This Shabbat we read from Parsha Pinchas. The first few Psukim of the Parsha are a direct continuation of the previous Shabbat Parsha Balak. There is no elapse of time in the narrative. Balak concludes with a plague upon Bnai Yisroel for its worship of Moabite/Midianite god, Baal Peor. Aaron’s son Pinchas zealously acts by killing Zimri from the tribe of Shimon and Cozbi the Midianite woman. God tells Moshe to reward Pinchas for his behavior by giving him the Brit Shalom, the Covenant of Peace. This covenant is only for Pinchas and his descendants. Keeping in mind that B’nai Yisroel has now concluded it 40 years of wandering in the wilderness and are poised upon the eastern bank of the Jordan River; a new census is taken. Just like we needed to know how many left Egypt, we now need to know how many will enter into Eretz Canaan. After the census is taken Moshe must judge a legal case concerning the laws of inheritance when a man has only daughters. This brief narrative is about the “Daughters of Tzelophchad”. Following this narrative, God commands Moshe to teach the new generation the laws for time-bound offerings including the Shabbat offering, the Rosh Chodesh offering, the offerings for the Shelosh Regalim (Three Pilgrimage Festivals, etc).

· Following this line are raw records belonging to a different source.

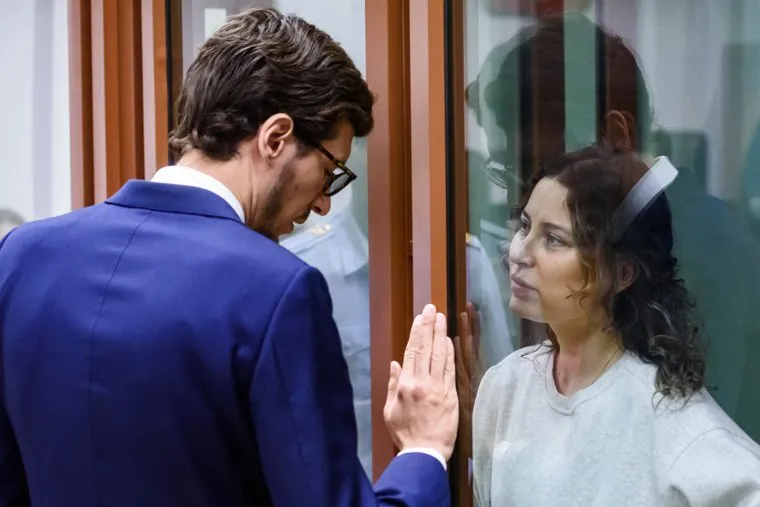 Оглашение приговора Ксении Карелиной в Свердловском областном суде. Екатеринбург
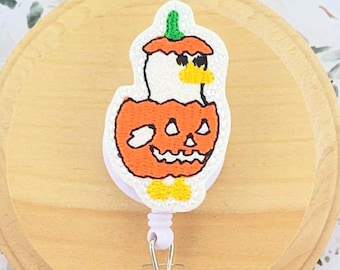 Porta credenciales de ganso de Halloween para la escuela, accesorios espeluznantes para enfermeras, artículos esenciales de enfermería para Halloween, regalos para enfermeras pediátricas Porta credenciales de Halloween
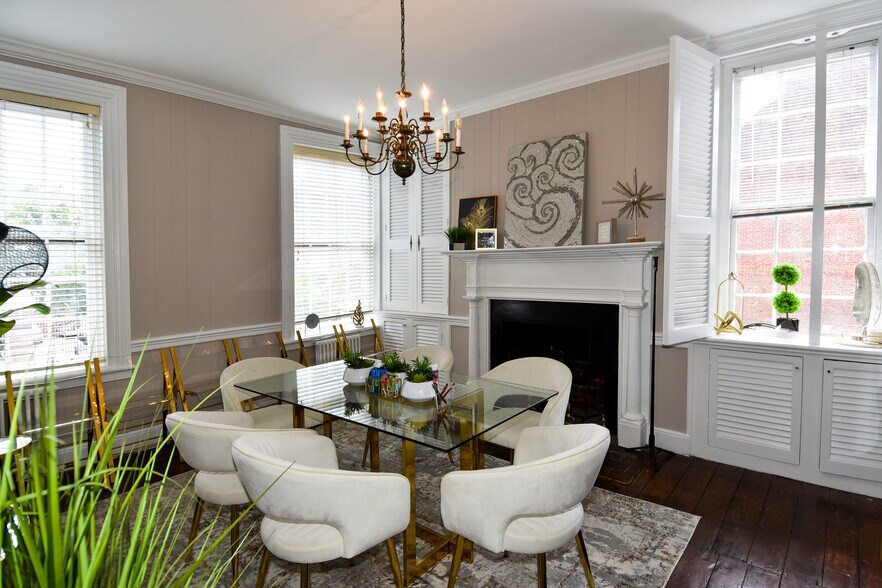 More Photos Of 109-111 S Fairfax St, Alexandria Office For Sale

Isn't it odd, or perhaps even disturbing, that Pinchas' zealousness, his subsequent spear throwing and impaling his targets is rewarded with a Brit Shalom - a Covenant of Peace and Brit Kehunat Olam - a covenant of an everlasting Priesthood? (Num. 25:12). Through our modernist lens, I imagine that most people consider or at least can understand why some may consider Pinchas act to be nothing more than fanaticism or vigilantism. The Neziv (Rabbi Zvi Yehuda Berlin Poland 1817-1893; the Rosh Yeshiva of the Volozhin Yeshiva) assumes that intrinsic to an act of vigilantism or fanaticism is a person whose soul and entire being is in turmoil and not in a state of peace.  The Neziv explains that the Brit Shalom is a guarantee of peace from an inner enemy, from whatever lurked within Pinchas that caused him to kill another human being without due process. "The Holy One, Blessed He, blessed him [Pinchas] with the attribute of peace, that he should not be quick-tempered or angry. Since it was only natural that such a deed as Pinchas' should leave in his heart intense emotional unrest afterward, the Divine blessing was designed to cope with this situation and promised peace and tranquility of the soul." We can now begin to make some sense of Brit Shalom, Covenant of Peace. Once Pinchas committed his first act of zealous defense of God's glory, perhaps it becomes easier and easier to commit a second, third or forty-eighth act in the name of God's glory. At some point, from the Neziv's perspective, the zealot's soul becomes damaged, the zealot's emotions are incapable of feelings, and the zealot's eyes become unseeing except through the lens of their zealousness, ideology, and the slavish adherence to defending its purity. The zealot, by definition, is an extremist. Jewish Law frowns upon extremism (see the laws of the Nazarite).  Precisely because the zealot does not know peace when he/she commits such an act, the only “gift” God could give Pinchas was that the tumult and turmoil within Pinchas’  soul should cease and his soul should become Shaleim whole, complete and at peace.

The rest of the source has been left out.